1. #### Set up WarpStream

    If you already have a WarpStream cluster, you can skip this step.

    a. Begin by registering for a WarpStream account or logging in to your
    existing account.

    b. Follow [this guide](https://github.com/warpstreamlabs/warpstream-fly-io-template)
    to deploy your WarpStream cluster on Fly.io.

    c. Post deployment, [create credentials](https://docs.warpstream.com/warpstream/how-to/configure-the-warpstream-agent-for-production/configure-authentication-for-the-warpstream-agent#sasl-authentication)
    for connecting to your WarpStream cluster.

    d. Use the provided credentials to connect to the WarpStream cluster on
    Fly.io. Test this connection using [the WarpStream CLI](https://docs.warpstream.com/warpstream/install-the-warpstream-agent):

    ```bash
    warpstream kcmd -type diagnose-connection \
                    -bootstrap-host $CLUSTER_NAME.fly.dev \
                    -tls -username ccun_XXXXXXXXXX \
                    -password ccp_XXXXXXXXXX
    ```

    Change the `bootstrap-host` to the name of your WarpStream cluster on
    Fly.io.

    e. Create the `materialize_click_streams` topic:

    ```bash
    warpstream kcmd -bootstrap-host $CLUSTER_NAME.fly.dev \
                    -tls -username ccun_XXXXXXXXX \
                    -password ccp_XXXXXXXXXX \
                    -type create-topic \
                    -topic materialize_click_streams
    ```

    f. Generate and push sample records for testing:

    ```bash
    warpstream kcmd -bootstrap-host $CLUSTER_NAME.fly.dev \
                    -tls -username ccun_XXXXXXXXXX \
                    -password ccp_XXXXXXXXXX \
                    -type produce \
                    -topic materialize_click_streams \
                    --records '{"action": "click", "user_id": "user_0", "page_id": "home"},,{"action": "hover", "user_id": "user_0", "page_id": "home"},,{"action": "scroll", "user_id": "user_0", "page_id": "home"}'
    ```

    > **Note:** The WarpStream CLI uses `,,` as a delimiter between JSON records.

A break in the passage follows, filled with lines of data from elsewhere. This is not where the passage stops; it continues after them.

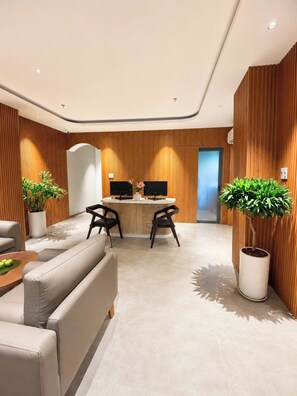 A modern reception area with a reception desk, two chairs, a sofa, and potted plants. - Corner Inn Ben Thanh Hotel (Ho Chi Minh City)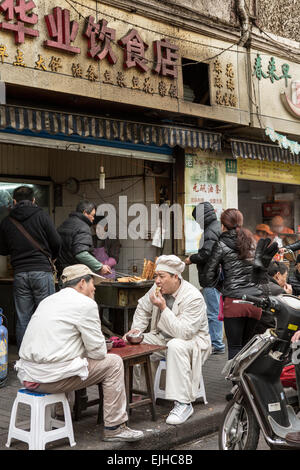 Die Menschen essen zu einem Kloß Restaurant in einem alten Wohnviertel in der Innenstadt von Shanghai, China Stockfoto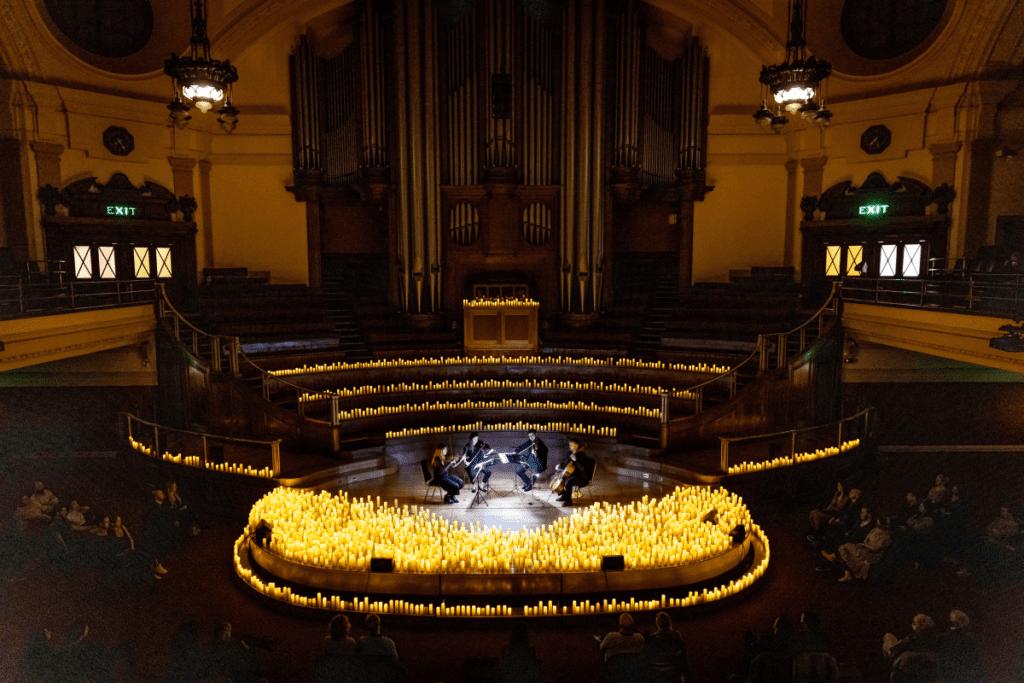 A string quartet performing on stage surrounded by candlelight in Central Hall Westminster.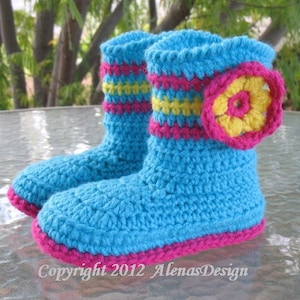 May include: A pair of crocheted slipper boots in turquoise blue with pink and yellow stripes. One boot has a yellow and pink crocheted flower accent.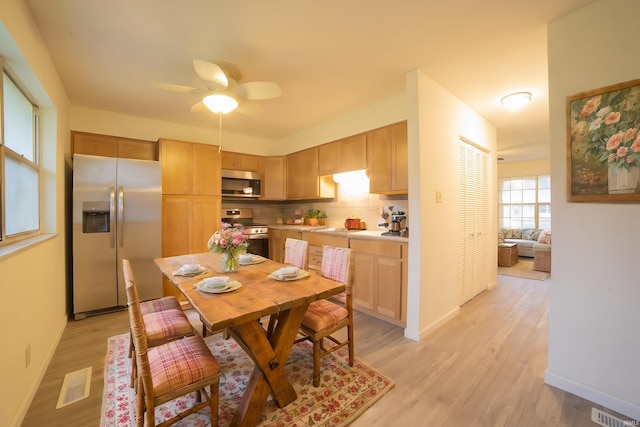 dining room with ceiling fan and light hardwood / wood-style floors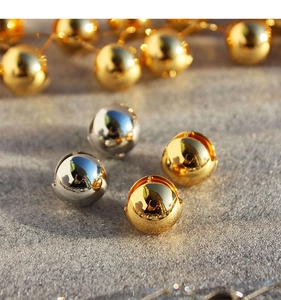 Macro shot of polished hollow spherical stud earrings in gold and silver finish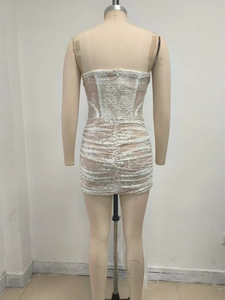 Détail de la mini-robe en dentelle montrant le zip arrière et le design froncé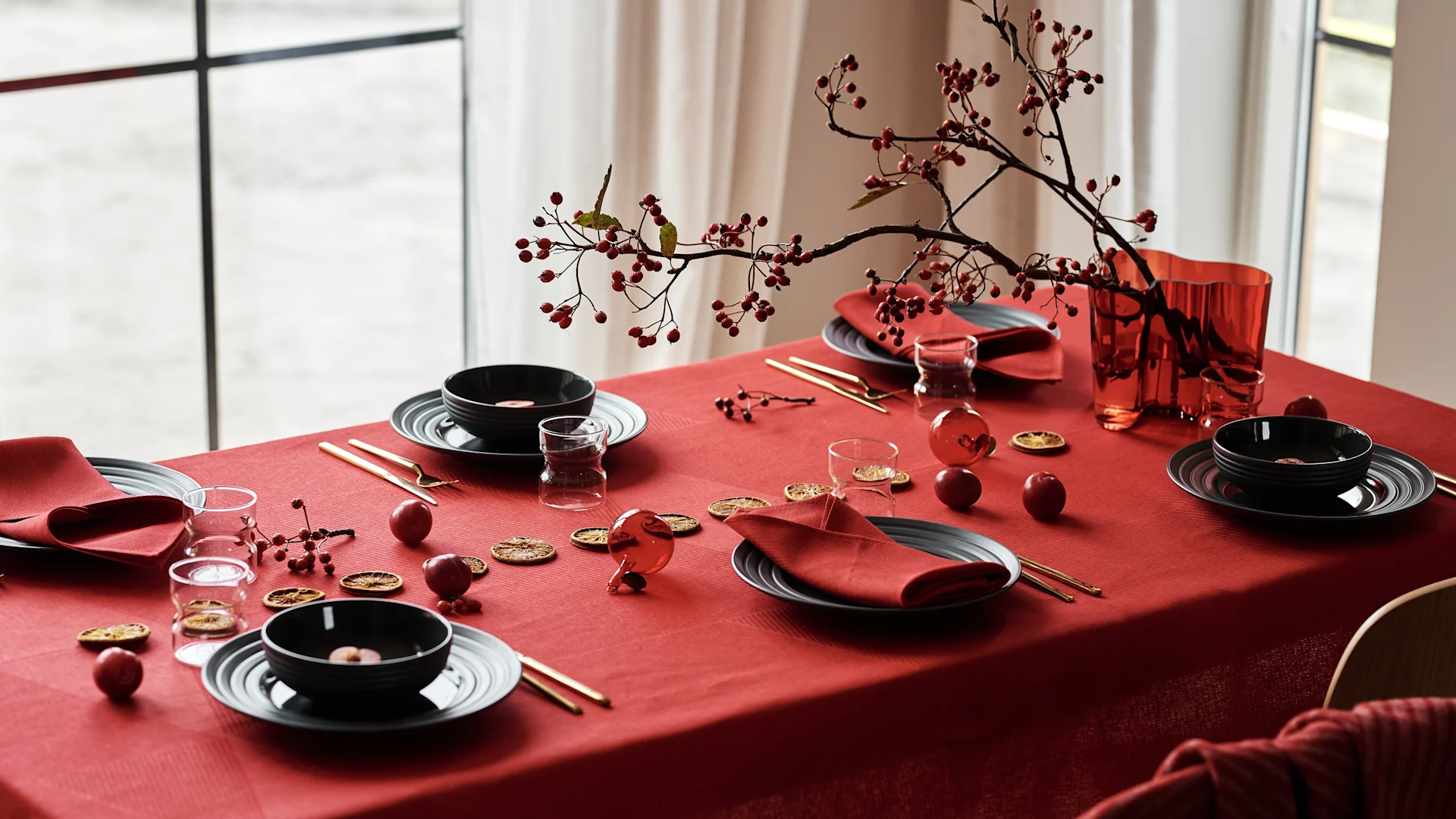 Skapa en stämningsfull juldukning 2025 med en röd linneduk som grund, kompletterad med svart, modernt porslin och röda linneservetter för en tidlös men trendig look.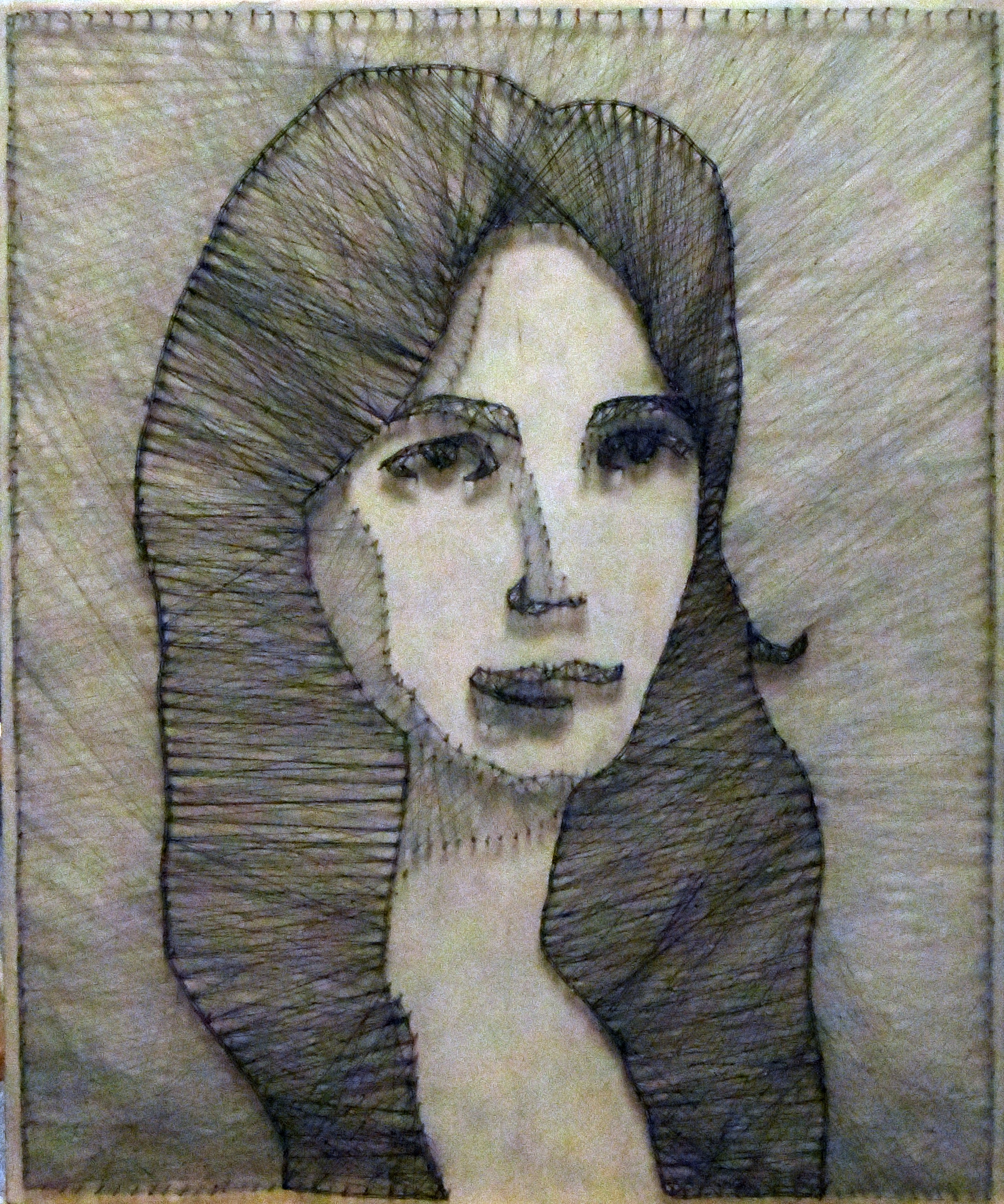 Czarno biały portret kobiety. Na deskę zawierając szkic, zostały wbite gwoździki a następnie, poprzez wielokrotne nawijanie pomiędzy gwoździkami czarnej nitki uzyskano portret.  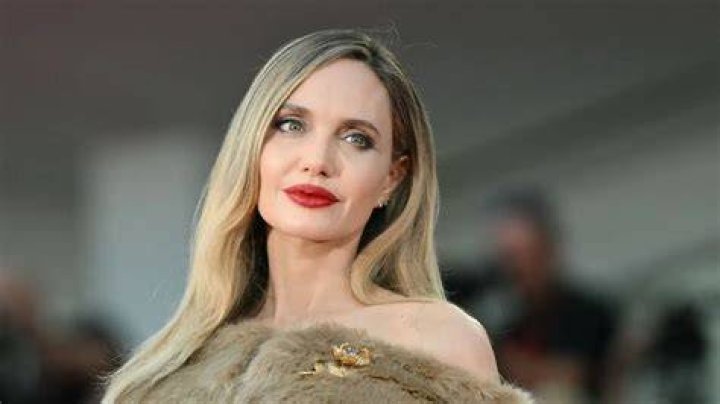 Angelina Jolie as Amber Carter in Pixie, Dixie and Mr. Jinks: The Movie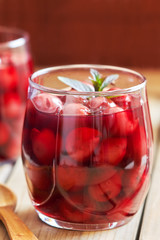 Sour cherry compote dessert served with mint leaves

2. #### Integrate with Materialize

    To integrate WarpStream with Materialize, you need to set up a connection to
    the WarpStream broker and create a source in Materialize to consume the
    data.

    Head over to the Materialize console and follow the steps below:

    a. Save WarpStream credentials:

    ```mzsql
    CREATE SECRET warpstream_username AS '<username>';
    CREATE SECRET warpstream_password AS '<password>';
    ```

    b. Set up a connection to the WarpStream broker:

    ```mzsql
    CREATE CONNECTION warpstream_kafka TO KAFKA (
        BROKER '<CLUSTER_NAME>.fly.dev:9092',
        SASL MECHANISMS = "PLAIN",
        SASL USERNAME = SECRET warpstream_username,
        SASL PASSWORD = SECRET warpstream_password
    );
    ```

    c. Create a source in Materialize to consume messages. By default, the
    source will be created in the active cluster; to use a different cluster,
    use the `IN CLUSTER` clause.

    ```mzsql
    CREATE SOURCE warpstream_click_stream_source
        FROM KAFKA CONNECTION warpstream_kafka (TOPIC 'materialize_click_streams')
        FORMAT JSON;
    ```

    d. Verify the ingestion and query the data in Materialize:

    ```mzsql
    SELECT * FROM warpstream_click_stream_source LIMIT 10;
    ```

    e. Furthermore, create a materialized view to aggregate the data:

    ```mzsql
    CREATE MATERIALIZED VIEW warpstream_click_stream_aggregate AS
        SELECT
            user_id,
            page_id,
            COUNT(*) AS count
        FROM warpstream_click_stream_source
        GROUP BY user_id, page_id;
    ```

    f. Produce additional records to monitor real-time updates:

    ```bash
    warpstream kcmd -bootstrap-host $CLUSTER_NAME.fly.dev \
                    -tls -username ccun_XXXXXXXXXX \
                    -password ccp_XXXXXXXXXX \
                    -type produce \
                    -topic materialize_click_streams \
                    --records '{"action": "click", "user_id": "user_1", "page_id": "home"}'
    ```

    g. Query the materialized view to monitor the real-time updates:

    ```mzsql
    SELECT * FROM warpstream_click_stream_aggregate;
    ```

---

By following the steps outlined above, you will have successfully set up a
connection between WarpStream and Materialize. You can now use Materialize to
query the data ingested from WarpStream.